Exercise goal: A stretch of the entries below is to be set down exactly, running from the line with "Atico & Jacuzzi Cruz By Cadiz4Rentals" through the line with "5th image of 101 Oakridge H", both included, and no other line.

[Opening Records shown section]

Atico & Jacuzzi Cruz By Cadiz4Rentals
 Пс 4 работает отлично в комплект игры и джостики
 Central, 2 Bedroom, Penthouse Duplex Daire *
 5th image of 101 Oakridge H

[Closing Records shown section]
[Opening Records shown section]

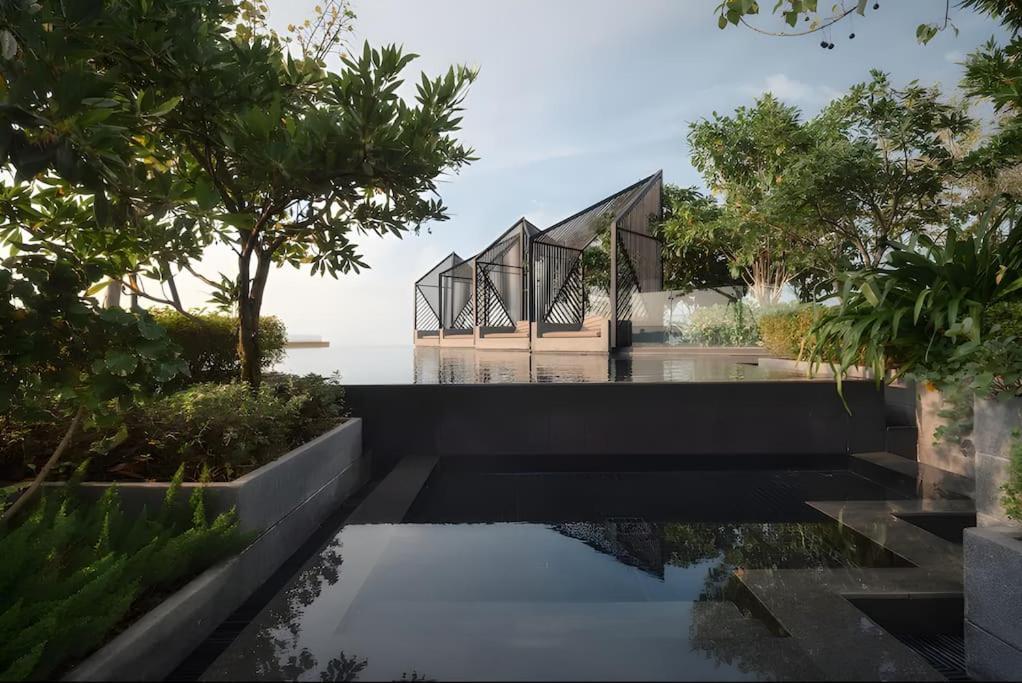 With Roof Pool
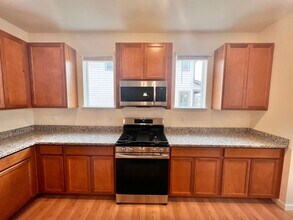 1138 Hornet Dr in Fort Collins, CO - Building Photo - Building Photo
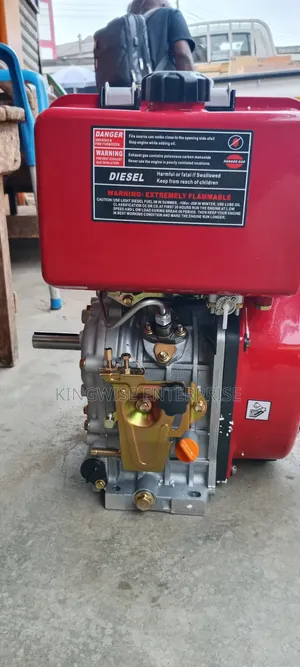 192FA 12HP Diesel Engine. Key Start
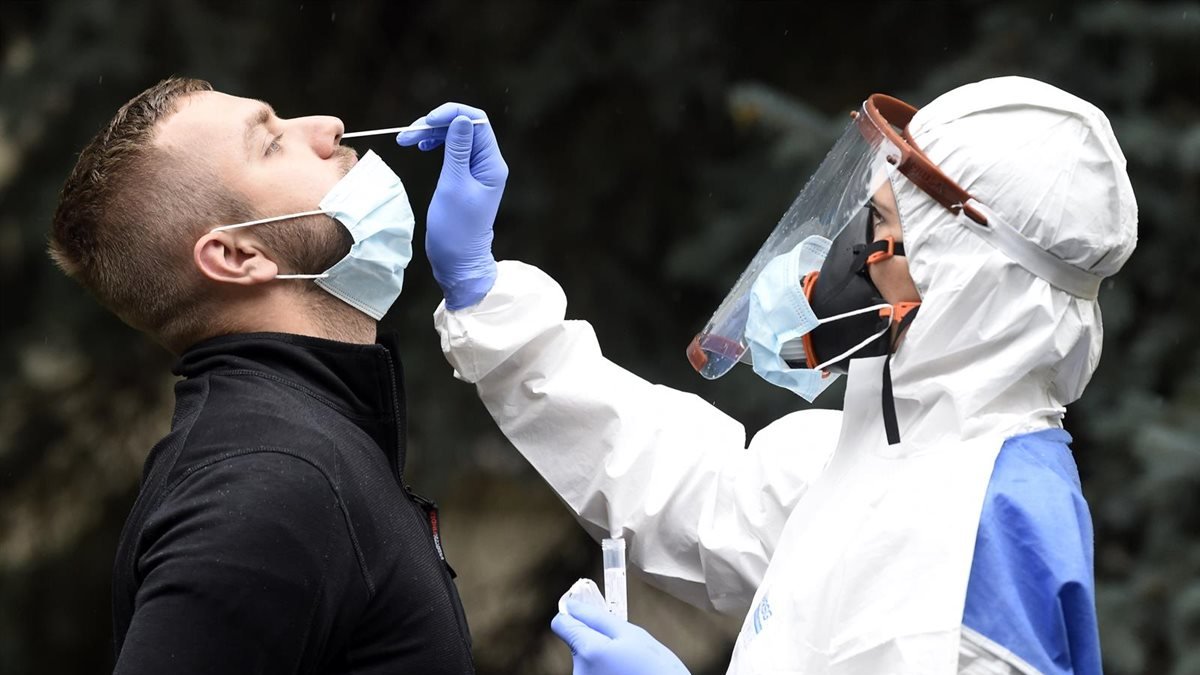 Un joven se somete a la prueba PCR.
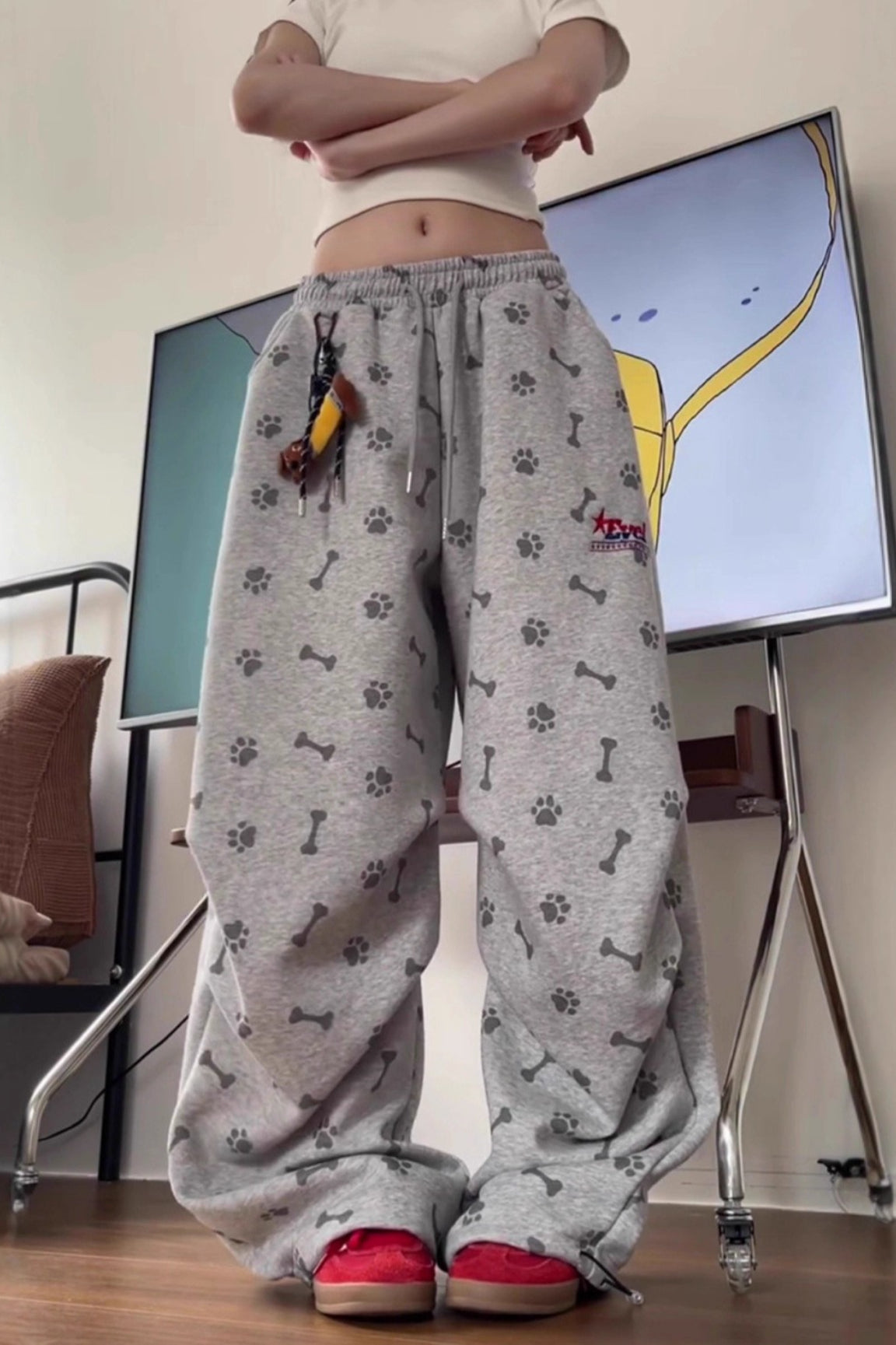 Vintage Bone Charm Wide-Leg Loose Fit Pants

[Closing Records shown section]
[Opening Records shown section]

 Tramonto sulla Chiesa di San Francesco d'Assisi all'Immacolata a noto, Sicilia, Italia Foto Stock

[Closing Records shown section]

Answer section:
Atico & Jacuzzi Cruz By Cadiz4Rentals
 Пс 4 работает отлично в комплект игры и джостики
 Central, 2 Bedroom, Penthouse Duplex Daire *
 5th image of 101 Oakridge H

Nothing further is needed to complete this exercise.